~I despise the whiny voice. You know, the high pitched gut forced crackled up sound that
~It drives me nuts when I'm trying to get the point across that what a certain child is doing is simply not acceptable and such intentions are met with a smirky little sideways grin instead of the sweet understanding eyes of "I promise never to do it again mommy".
~I mastered "the look" my 2nd day of teaching math to 6th grade students YEARS ago and have been secretly looking forward to using this technique on my own children. Sick, I know, but there are only so many things a person can say they're truly good at and well "the look" is one of mine. And just to make it clear that everything is right and balanced with the universe, it turns out "the look" takes some tweaking when using on your own children and although I'm close to figuring out the code for the tweak I'm not 100% there yet which totally sucks.
So, despite the fact that we enjoyed an amazing meal together at our favorite Japanese restaurant last night complete with our star of the restaurant two and a half year old chopstick master (who also ate most of my black miso cod, stinker), and then went on to skip our way alongside the worlds best behaved razor scooting tot (yes I know the age recommendation on those things is 5 years, but we strapped a helmet on him and so far he's only bit the dust a few times and each time got up only to want to go faster, so...), and yes he woke us up this morning by sitting up in bed and shouting the words WE ALL LIVE IN A LELLOW SUBARINE which is about the only thing that could possibly put a smile on a tired momma's face at 6:30AM on a Saturday, DESPITE ALL THAT... he's currently in his room screaming through his 4th time out of the morning and dang-blastit (twitch twitch, snap snap) he WILL NOT WIN this one.

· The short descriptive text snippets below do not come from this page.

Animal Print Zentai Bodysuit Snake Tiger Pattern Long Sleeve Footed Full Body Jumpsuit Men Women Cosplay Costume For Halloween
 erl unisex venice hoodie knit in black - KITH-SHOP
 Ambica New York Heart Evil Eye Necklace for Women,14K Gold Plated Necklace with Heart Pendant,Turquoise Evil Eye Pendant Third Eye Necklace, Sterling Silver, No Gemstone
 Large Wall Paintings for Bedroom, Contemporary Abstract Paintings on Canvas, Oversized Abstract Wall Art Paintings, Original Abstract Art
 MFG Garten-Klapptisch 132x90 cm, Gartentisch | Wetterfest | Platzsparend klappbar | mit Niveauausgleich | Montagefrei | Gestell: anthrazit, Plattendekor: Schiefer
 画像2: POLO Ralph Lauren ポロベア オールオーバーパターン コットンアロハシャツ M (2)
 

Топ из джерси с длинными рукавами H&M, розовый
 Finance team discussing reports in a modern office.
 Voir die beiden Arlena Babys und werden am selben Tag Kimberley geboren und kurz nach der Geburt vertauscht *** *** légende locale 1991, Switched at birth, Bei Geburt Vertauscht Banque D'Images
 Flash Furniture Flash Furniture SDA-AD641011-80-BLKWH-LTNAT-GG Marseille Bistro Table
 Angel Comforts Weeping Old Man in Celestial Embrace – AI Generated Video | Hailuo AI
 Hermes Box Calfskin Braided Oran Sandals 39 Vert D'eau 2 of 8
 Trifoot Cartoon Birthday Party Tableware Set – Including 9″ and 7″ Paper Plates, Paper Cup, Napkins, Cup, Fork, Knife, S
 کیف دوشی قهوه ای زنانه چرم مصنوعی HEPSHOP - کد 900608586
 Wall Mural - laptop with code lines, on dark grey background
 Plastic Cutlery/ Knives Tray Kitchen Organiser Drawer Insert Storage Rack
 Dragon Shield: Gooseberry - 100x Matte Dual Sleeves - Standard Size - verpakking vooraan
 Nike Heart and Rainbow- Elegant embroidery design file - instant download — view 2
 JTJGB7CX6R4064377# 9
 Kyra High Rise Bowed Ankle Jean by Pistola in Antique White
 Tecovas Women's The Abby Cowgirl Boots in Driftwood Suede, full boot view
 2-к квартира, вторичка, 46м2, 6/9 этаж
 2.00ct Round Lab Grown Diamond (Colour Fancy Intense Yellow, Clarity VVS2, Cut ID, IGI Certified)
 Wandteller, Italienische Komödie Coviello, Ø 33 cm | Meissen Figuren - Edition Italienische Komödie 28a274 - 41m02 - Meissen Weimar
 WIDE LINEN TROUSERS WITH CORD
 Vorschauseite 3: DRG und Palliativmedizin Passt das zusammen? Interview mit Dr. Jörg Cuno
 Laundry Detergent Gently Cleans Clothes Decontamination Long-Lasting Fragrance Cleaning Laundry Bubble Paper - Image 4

Well it's now 15 minutes later and we're juggling balls of Play-Doh in the living room and every few minutes or so another rendition of one of the Beatles mixes that seems to be constantly playing in his head finds it's way to his mouth and eventually his arms and legs and all of a sudden we're grooving to lellow subarine or the more you say goodbye I say hello. And I'm left with the puzzling question:
How could I have ever even questioned whether or not I was winning?